Die mögliche Schwäche des Podiums war zugleich seine Stärke: alle der vier Diskussionsteilnehmerinnen waren in den Jahren 89/90 in Berlin, alle kamen aus Institutionen: Hildegard Nickel und Petra Bläss-Rafajlovski arbeiteten an der Humboldt Universität, Christina Thürmer-Rohr an der TU Berlin und Carola von Braun war Frauenbeauftragte des Berliner Senats. Die Diskussion war dementsprechend Berlin-zentriert, aber es ermöglichte eine Vergleichbarkeit der Erfahrungen. Trotz örtlicher Nähe hätten die Einschätzungen der Ereignisse jedoch unterschiedlicher nicht sein können, zuviel trennte Ost und West.
Für Nickel und Bläss-Rafajlovski war der Weg zum Fall der Mauer eine Revolution, aufregend, voller spannender Möglichkeiten und (zumindest für eine Weile) angefüllt von feministischer Euphorie. Für Thürmer-Rohr und von Braun war die Maueröffnung das Ende dessen, was sich die Frauenbewegung seit den 70ern in Westberlin aufgebaut hatte - es war weniger eine Chance als ein großer Verlust. Es war die Rückkehr der Chauvi-Witze, erkämpfte Ansprüche wurden verloren. (Westdeutsche) Frauen- und Geschlechterfragen fanden keinen Platz im komplizierten Prozess der Einheit. Woran das lag? Carola von Braun kam zu dem Schluss, dass die westdeutsche Frauenbewegung nicht bereit war, das Ausmaß der Umwälzungen zu sehen, sie meinten, so weiter machen zu können wie bisher. Hildegard Nickel argumentierte, die westdeutschen Feministinnen hätten nicht zuhören und sich auf die neuen 'Schwestern' aus dem Osten einstellen wollen - zu groß die Unterschiede und vielleicht auch die Angst vor Konkurrenz.

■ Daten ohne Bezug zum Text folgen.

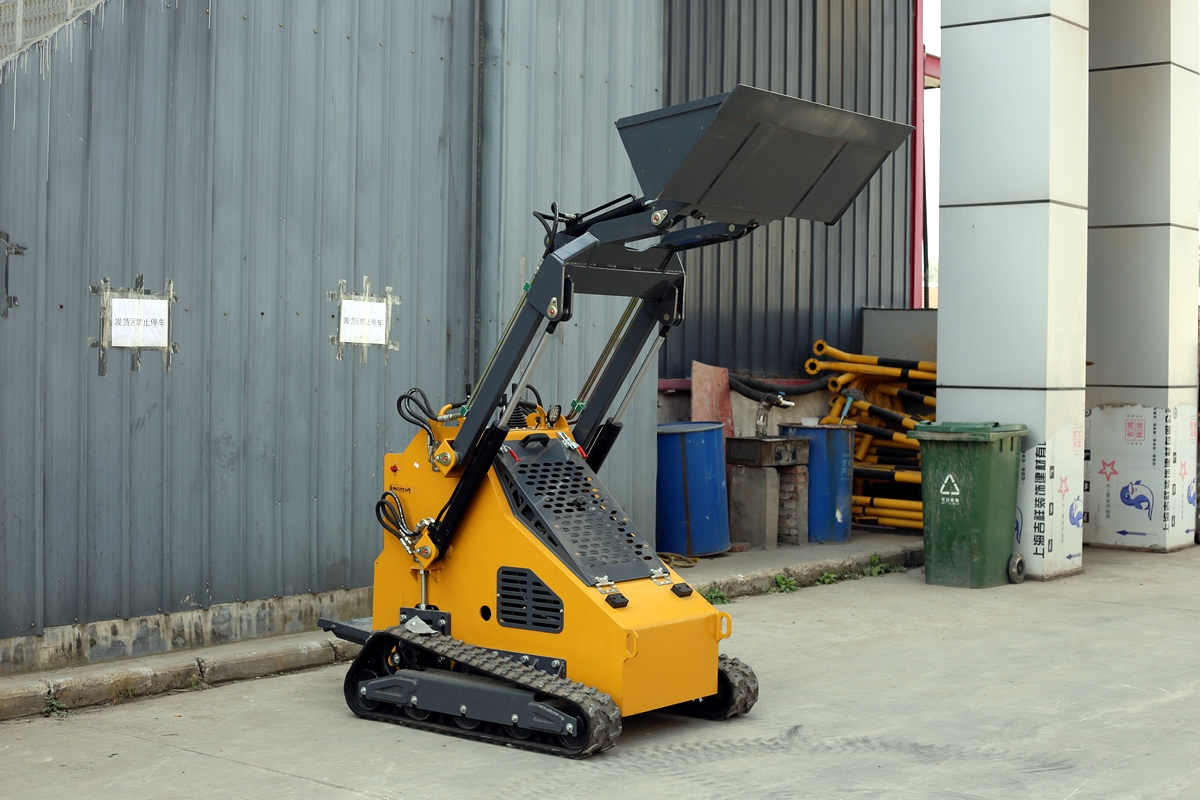 新澳资料1688(SDBM)履带式/轮胎式滑移装载机BM380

Das aber das Zuhören in beide Richtungen nicht funktionierte, zeigten die Volkskammerwahlen 1990: Vielleicht weil sie sich nicht von westdeutschen politisch Aktiven bevormunden lassen wollten, nahmen die Frauen des 1989 in der DDR gegründeten Unabhängigen Frauenverbandes den Rat nicht an, bei der Listenaufstellung gegenüber der Grünen Partei der DDR, mit der sie gemeinsam kandidierten, auf eine Quotierung zu bestehen. Alle 8 errungen Mandate gingen an die DDR-Grünen, das Bündnis zerbrach, die feministischen Frauen hatten einen herben Rückschlag erlitten.
Das Miteinander scheiterte auch an der Sprache: "Wir Frauen sprachen - oberflächlich betracht - die gleiche Sprache. Wenn man genauer hinschaut zeigte sich aber: Wir benutzten zwar die selben Worte, sie bedeuteten aber nicht das Gleiche. Wir hätten uns öfter darüber unterhalten sollen, was wir meinen, wenn wir z.B. von 'Patriarchat' sprechen."